Writing a Parser for Blog Posts
In an effort to simplify and speed up my blog, I’m migrating from my custom-made NextJS SPA to Hugo, which means reformatting the frontmatter header of every blog post from this:
---
title: My Blog Post
category: Blog
tags: blog, post, blog-post
date: "2023-03-18"
summary: Summary goes here
---
to this:
+++
title: "My Blog Post"
tags: ["blog", "post", "blog-post"]
date: "2023-03-18"
summary: "Summary goes here"
+++
Not a big deal to go through and change manually, but I recently dipped my toes into the world of lexing and parsing while writing an LSP server, and ever since I’ve been looking for a good excuse to play around with Lark.
Lark takes text - could be a line of code, a paragraph, or metadata for a blog - and turns it into structured data using a grammar that describes the syntax rules of the text. With a little more work, it can process that tree of parsed nodes to build things like abstract syntax trees, interpreters, and reformatters.
So let’s start by writing a grammar to parse our frontmatter.
Writing a Grammar
Lark uses a modified version of EBNF grammar, which is pleasingly elegant in its simplicity. Grammars are built hierarchically, with complex rules broken down into combinations of simpler rules until you ultimately reach terminals that define the core building blocks of the grammar using regex patterns.
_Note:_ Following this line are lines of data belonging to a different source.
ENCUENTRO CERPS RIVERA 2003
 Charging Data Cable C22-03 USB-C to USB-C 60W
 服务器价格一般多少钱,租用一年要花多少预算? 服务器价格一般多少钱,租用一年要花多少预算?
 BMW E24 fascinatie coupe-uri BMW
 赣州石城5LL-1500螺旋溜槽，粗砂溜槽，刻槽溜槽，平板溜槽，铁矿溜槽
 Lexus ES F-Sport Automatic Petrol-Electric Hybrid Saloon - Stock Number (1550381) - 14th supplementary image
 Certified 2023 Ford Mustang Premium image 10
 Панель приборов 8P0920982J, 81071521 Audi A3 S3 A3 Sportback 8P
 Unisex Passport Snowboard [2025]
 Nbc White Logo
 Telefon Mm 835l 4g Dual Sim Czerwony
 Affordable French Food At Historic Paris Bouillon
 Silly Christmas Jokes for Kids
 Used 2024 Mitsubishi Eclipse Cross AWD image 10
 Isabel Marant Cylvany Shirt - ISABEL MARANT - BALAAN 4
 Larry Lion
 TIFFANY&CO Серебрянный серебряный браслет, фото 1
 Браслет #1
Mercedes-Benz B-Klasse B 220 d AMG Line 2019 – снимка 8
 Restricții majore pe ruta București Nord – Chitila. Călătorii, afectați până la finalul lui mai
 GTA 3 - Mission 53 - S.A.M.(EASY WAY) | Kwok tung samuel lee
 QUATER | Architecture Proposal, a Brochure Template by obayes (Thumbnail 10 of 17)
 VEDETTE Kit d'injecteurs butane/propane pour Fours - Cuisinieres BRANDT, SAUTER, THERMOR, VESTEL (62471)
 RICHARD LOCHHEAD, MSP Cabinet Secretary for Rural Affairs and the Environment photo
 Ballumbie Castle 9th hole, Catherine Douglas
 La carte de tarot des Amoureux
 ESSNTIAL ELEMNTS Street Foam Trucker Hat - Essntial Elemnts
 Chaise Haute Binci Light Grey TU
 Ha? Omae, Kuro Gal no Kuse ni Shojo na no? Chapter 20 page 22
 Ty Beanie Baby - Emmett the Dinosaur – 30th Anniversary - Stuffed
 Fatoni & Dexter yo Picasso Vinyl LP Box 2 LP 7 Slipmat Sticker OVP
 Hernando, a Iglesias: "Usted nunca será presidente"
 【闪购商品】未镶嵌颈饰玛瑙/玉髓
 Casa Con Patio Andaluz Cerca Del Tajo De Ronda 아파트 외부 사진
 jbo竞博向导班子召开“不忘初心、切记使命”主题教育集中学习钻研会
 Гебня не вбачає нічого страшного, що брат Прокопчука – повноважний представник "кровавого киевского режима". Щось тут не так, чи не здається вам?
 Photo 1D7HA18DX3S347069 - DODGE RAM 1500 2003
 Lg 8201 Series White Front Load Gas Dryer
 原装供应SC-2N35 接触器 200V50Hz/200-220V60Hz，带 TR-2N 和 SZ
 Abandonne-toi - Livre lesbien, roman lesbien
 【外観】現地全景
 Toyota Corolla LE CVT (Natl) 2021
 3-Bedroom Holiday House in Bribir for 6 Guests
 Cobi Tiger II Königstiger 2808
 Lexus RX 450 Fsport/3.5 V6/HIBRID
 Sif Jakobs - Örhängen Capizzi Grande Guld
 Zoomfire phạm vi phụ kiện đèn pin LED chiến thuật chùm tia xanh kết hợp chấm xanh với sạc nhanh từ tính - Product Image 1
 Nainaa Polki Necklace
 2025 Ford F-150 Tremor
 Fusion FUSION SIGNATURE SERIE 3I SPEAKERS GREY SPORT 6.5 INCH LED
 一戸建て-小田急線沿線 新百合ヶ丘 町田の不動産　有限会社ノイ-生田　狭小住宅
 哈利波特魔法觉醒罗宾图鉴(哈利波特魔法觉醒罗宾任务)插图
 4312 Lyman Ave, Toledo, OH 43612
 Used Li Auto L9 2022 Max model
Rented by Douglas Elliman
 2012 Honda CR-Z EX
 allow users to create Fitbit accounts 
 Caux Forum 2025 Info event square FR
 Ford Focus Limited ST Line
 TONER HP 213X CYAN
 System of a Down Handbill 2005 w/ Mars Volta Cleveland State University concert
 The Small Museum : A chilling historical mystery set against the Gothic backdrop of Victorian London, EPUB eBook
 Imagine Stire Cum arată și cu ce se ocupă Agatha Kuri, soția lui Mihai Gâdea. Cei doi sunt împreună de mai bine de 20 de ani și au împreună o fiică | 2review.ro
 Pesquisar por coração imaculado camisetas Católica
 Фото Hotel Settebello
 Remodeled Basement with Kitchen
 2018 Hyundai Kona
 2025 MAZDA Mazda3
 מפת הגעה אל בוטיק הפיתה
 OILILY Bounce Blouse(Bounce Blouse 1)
For example, you might define the grammar of an essay as:
# An essay is made of 1 or more paragraphs
essay: paragraph+
# A paragraph is made of 1 or more sentences
paragraph: sentence+
# A sentence is made of 1 or more words separated by whitespace, followed by punctuation
sentence: WORD (" " WORD)* PUNCTUATION
# Punctuation matches the characters .!?
PUNCTUATION: /[.!?]/
# Import premade terminals from Lark
%import common.WORD
%import common.WS
%ignore WS
The grammar for frontmatter isn’t much more complicated. A frontmatter is a collection of lines; a line is either a title, category, tag list, date, or summary1; a tag list is group of comma-separated tags; a tag is a hyphen-separated list of words; etc. Written out for Lark, my grammar looks like this2:
start: _line+
_line: title | category | tag_list | date | summary
title: "title:" TEXT
category: "category:" WORD
tag_list: "tags:" tag ("," tag)*
tag: WORD ("-" WORD)*
date: "date:" TEXT
summary: "summary:" TEXT
TEXT: /.+/
%import common.WORD
%import common.WS
%ignore WS
Parsing the frontmatter of a blog post returns the following tree of nodes:
frontmatter
title Writing a Parser for Blog Posts
category Blog
date "2024-08-30"
summary Using grammar to reformat my blog post metadata.
tags
tag python
tag algorithms
Now we just need to write a transformer to correctly format our parsed nodes.
Writing a Transformer
A transformer walks the nodes of a tree, converting each node using a function named after the node type in a lark.Transformer
subclass. Converting each node type to its new format is mostly just string formatting:
from lark import Transformer, Discard
class FrontmatterTransformer(Transformer):
def title(self, items):
return f'title: "{items[0].value.strip()}"'
def category(self, _):
# We don't need a category in the new frontmatter format.
return Discard
def tags(self, items):
return f'tags: [{", ".join(items)}]'
def tag(self, items):
full_tag = "-".join(items)
return f'"{full_tag}"'
def date(self, items):
return f'date: {items[0].value.strip()}'
def summary(self, items):
return f'description: "{items[0].value.strip()}"'
def frontmatter(self, items):
meta = '\n'.join(items)
return f"+++\n{meta}\n+++"
Reformatting
All that’s left is to load, parse, transform, write out the reformatted blog posts, and we’re done. Just like that, we’ve saved ourself 10 minutes of labor with 30 minutes of coding!